If you earnestly wished to "see the point", you're tripping yourself with by taking for granted "what it means to everyone else.." and things like "living in idea space"
There are traditions of study/thought that use ideology the way you mean, and traditions that don't. The variety of use is well-represented and has been since the word came into use. Likewise, "idea space" is a specific concept that some people accept as sensible and others don't. Again, the variety of relationships to it is well-represented (and stretches back millennia, on that one).
You can actually see an example of this kind of differing-perspectives-in-wide-use in the way use used "the moral basis of Christianity but not the religion itself" in your own comment above. While Platonic ideas predate Christianity and have much influence on its shape and study in the West, the that statement would strike most traditional and many modern Christian thinkers as non-sensical. To them, there is no sensible separation of Christianity's "moral basis" from its Church/people and trying to make some distinction is as alien and "pointless" to them as different senses of ideology are to you.
And yet, of course it's interesting to think about Christianity's "moral basis" as an ideology existing in "idea space" because it lets you relate that part of Christianity to other things that you feel are comparable using techniques that you know how to work with and have confidence in. That's pretty much exactly what's going on with social scientists/philosophers who think about ideology in the way I've been describing above.
I think the problem is that "is" and "equals" are often conflated - and there are some other issues in play too.
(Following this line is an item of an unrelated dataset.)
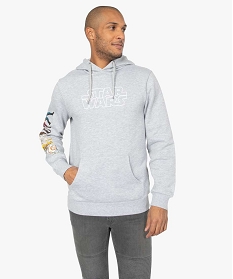 sweat homme a capuche - star wars grisA620801_2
Interestingly, how to (or if we even should!) resolve such issues in our (use of) language is itself a highly ideological matter.
I certainly would (not as a comprehensive explanation though of course). The range of forms of conceptualization any one individual is capable of (or not) is strongly influenced by the ideology to which they subscribe (or are captured by).
If you simply consider how the human mind works, this "should" be fairly obvious. But one's ability or likelihood to think about such things is once again a function of the norms and accepted practices of one's ideology. That which is not known of, essentially does not exist.
King Arthur was probably an actual Welsh guy, who fought the Romans (and/or maybe Saxons).
Few hundred years later they give him a magic sword and a round table. Same idea, but with other cultures, religions, etc.
Not at all. Islam can be verifiably traced back to a single source, and mainstream Islam belief today is the same as it was 1400 years ago.